The joint administrators PKF Geoffrey Martin & Co Limited will now be investigating the conduct of the credit union’s board and management, in particular in the period leading up to its insolvency.
The Herald has reported that it was the directors of the credit union, rather than a creditor or regulator, who petitioned the court to appoint administrators.
The collapse of the credit union came despite the launch of a £15m Scottish Government support fund that credit unions could access – including a £2m dedicated fund after the initial lockdown last year. However, according to officials, the credit union did not receive any money.
The Financial Services Compensation Scheme (FSCS) has stepped in to protect the credit union’s 3,500 members and have said compensation cheques have been sent.
The FSCS protects UK authorised banks, building societies and credit unions up to £85,000 per depositor in the event of their insolvency. All borrowers will have to pay back loans – thought to run to over £2m.
However, the administrators say people will not have to pay back their loans immediately and that they are honouring the terms of the loan agreements. As of 2018, borrowers included 12 members of the board and their close family members.
An administrators’ source told The Herald: “Pioneer Mutual didn’t file accounts for a number of years. As a credit union, they need to file on the Mutuals Public Register, which is their equivalent of Companies House.

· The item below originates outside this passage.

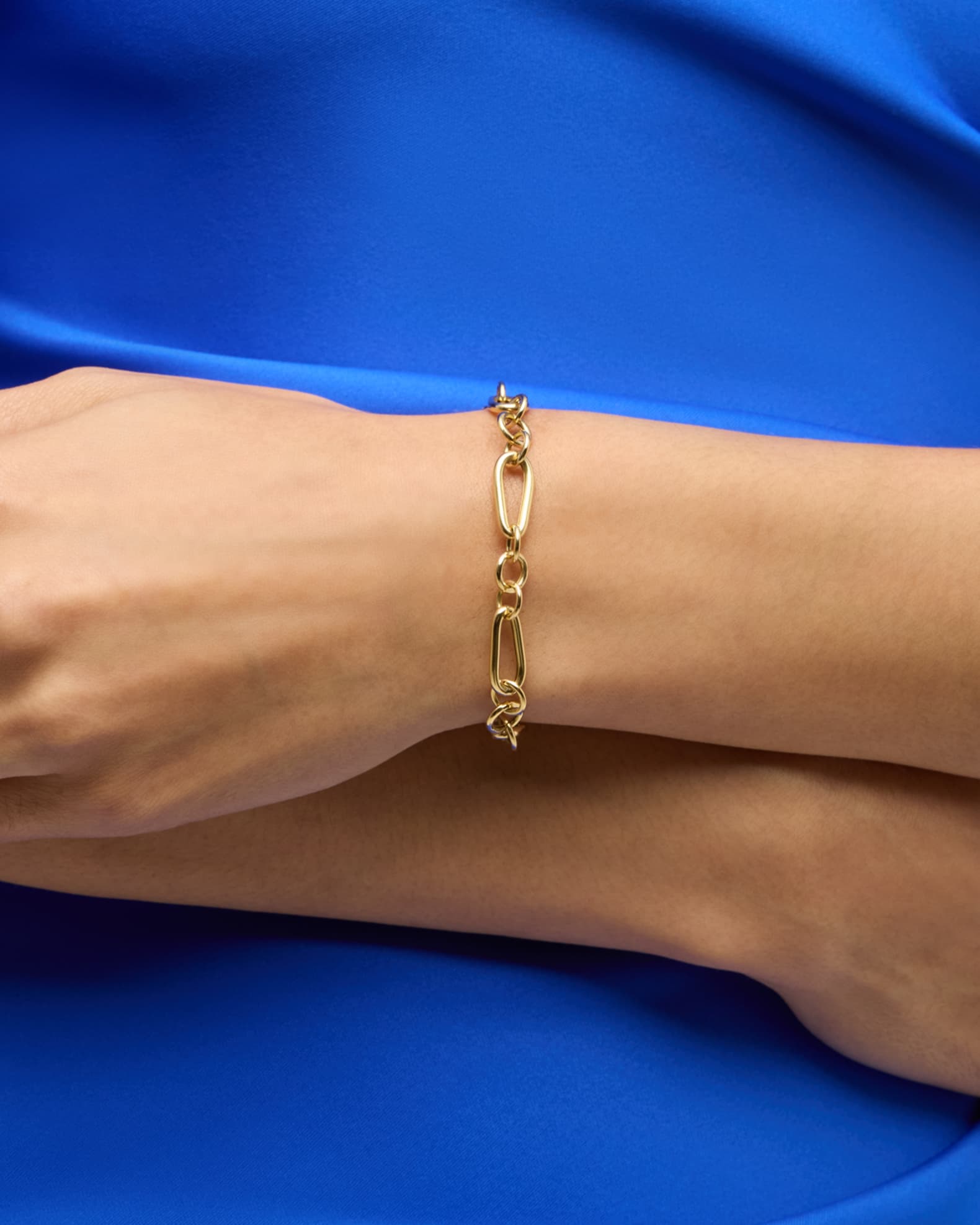 18K Classico Mixed-Shape Tubing Link Bracelet 1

“I can’t confirm if penalties were levied on Pioneer Mutual. I’m sure, though, that the FCA will have been aware of the multiple breaches and will have been asking questions.”
The Herald reported that neither the regulators, the FCA nor the Prudential Regulatory Authority (PRA) would answer in full questions on what it had done in the past to monitor the state of the credit union in the wake of the auditor’s alert.

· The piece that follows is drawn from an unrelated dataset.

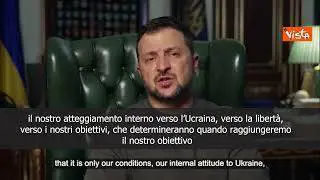 Zelensky: Nostro obiettivo è vittoria dell'Ucraina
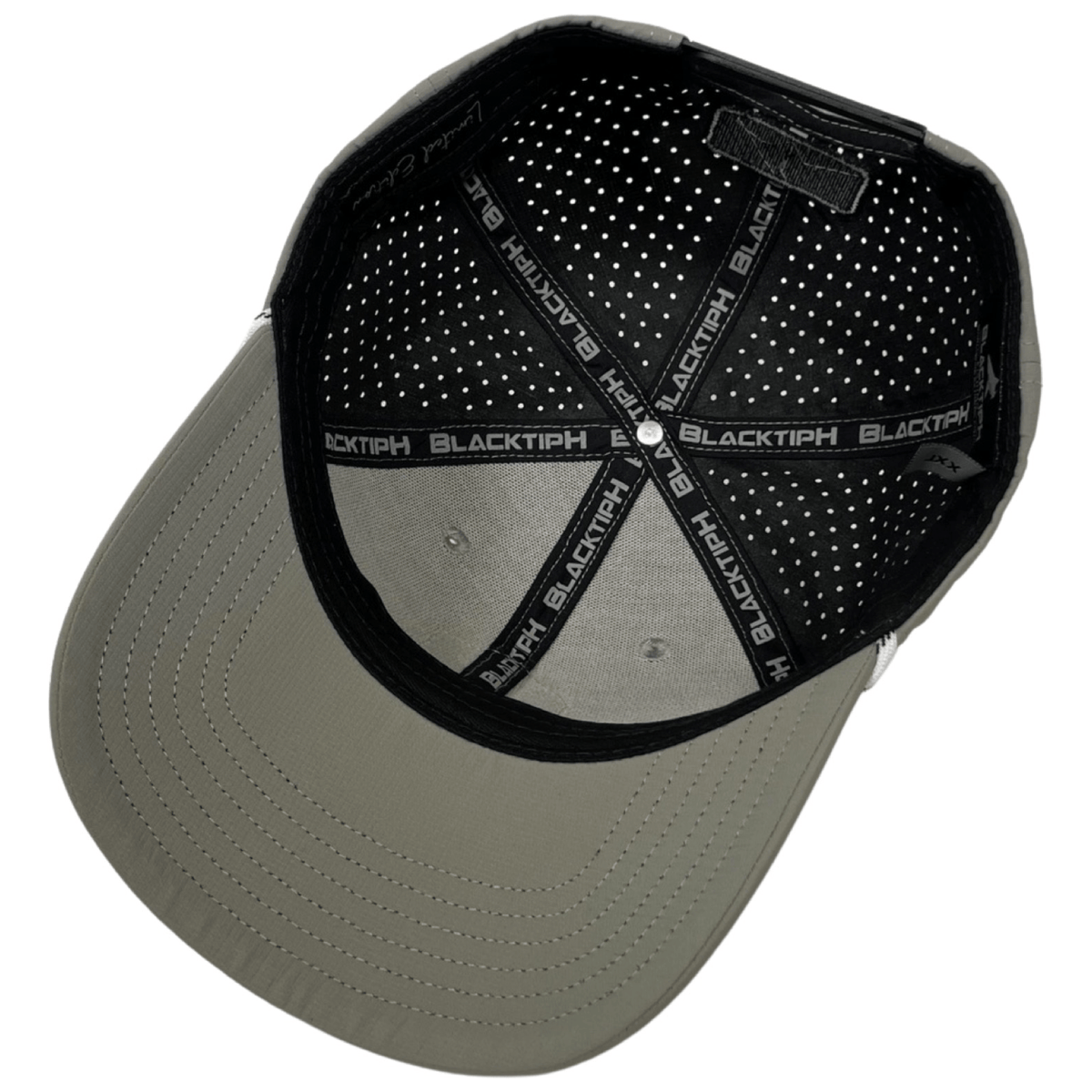 Grey Turquoise PVC Performance Snapback Hat - Get Tight Gear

The credit union’s last annual accounts for the year to September, 30, 2018, showed it made a pre-tax loss of £178,904.
The senior statutory auditor, Robert Pollock of Hamilton-based Sharles Audit, voiced concerns over the financial state of the credit union in July 2019. The auditor questioned the adequacy of disclosures over the company’s ability to continue operating as a going concern.
The level of a company’s capital to-asset ratio demonstrates its ability to meet its short-term obligations to creditors and the auditor raised concerns that it was at less than three per cent.

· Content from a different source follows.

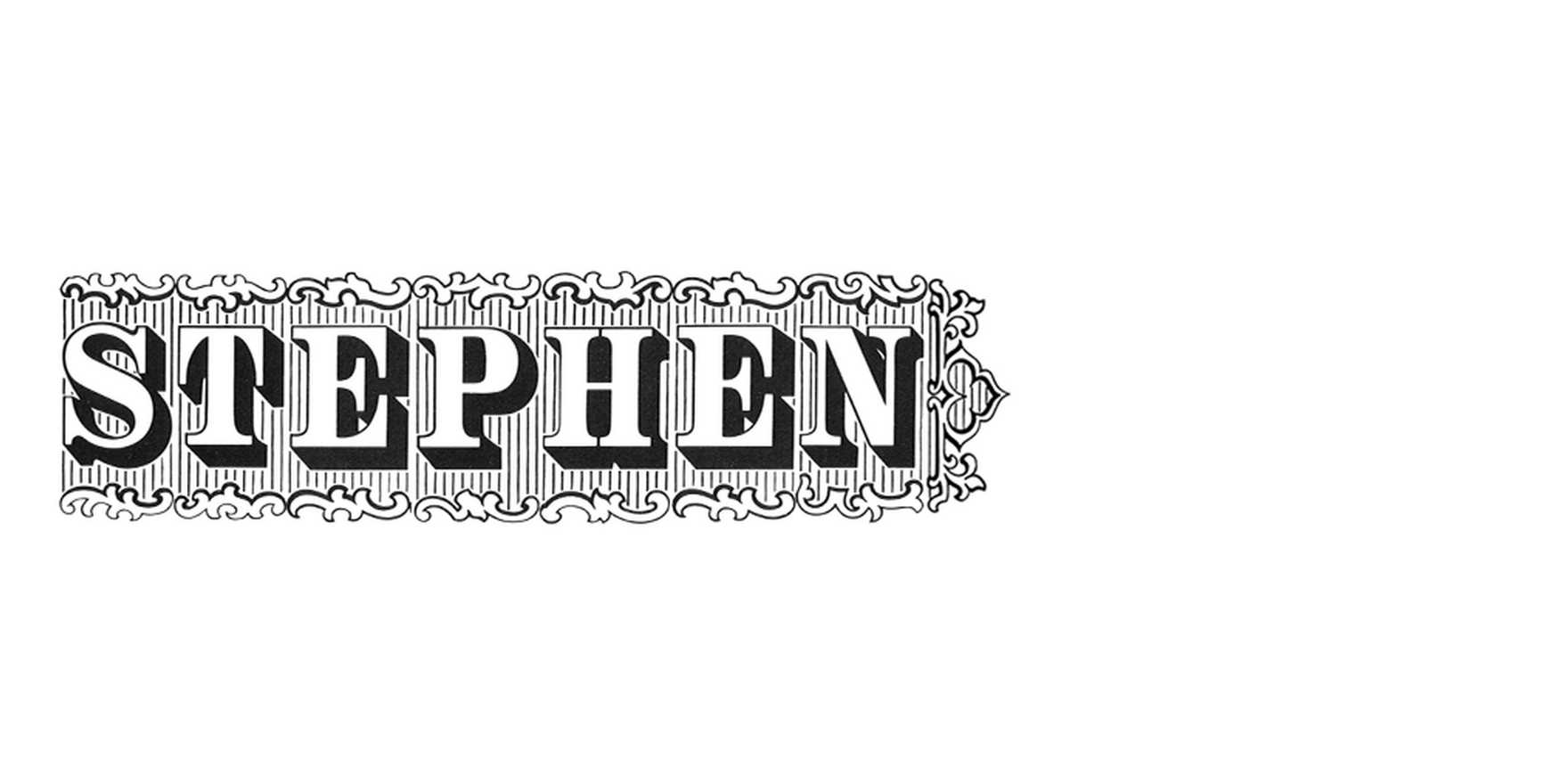 Stephen Ornate in use - Fonts In Use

He said this indicated the existence of a “material uncertainty which may cast doubt about the company’s ability to continue as a going concern”.
The FCA posted the 2018 accounts of the credit union after The Herald asked about the level of scrutiny there was over the bank and its filings. The regulator said only that it was “closely engaged” with the PRA, insolvency practitioner and FSCS “as the situation with the Pioneer Mutual Credit Union has progressed”.
Caroline Rainbird, chief executive of the FSCS, said: “FSCS is here to protect the members of Pioneer Mutual Credit Union Limited and help them get back on track.
“We want to reassure them that their money is safe. No-one needs to worry or do anything as they should receive their money within a week. We protect people’s savings up to £85,000 and joint accounts up to £170,000.”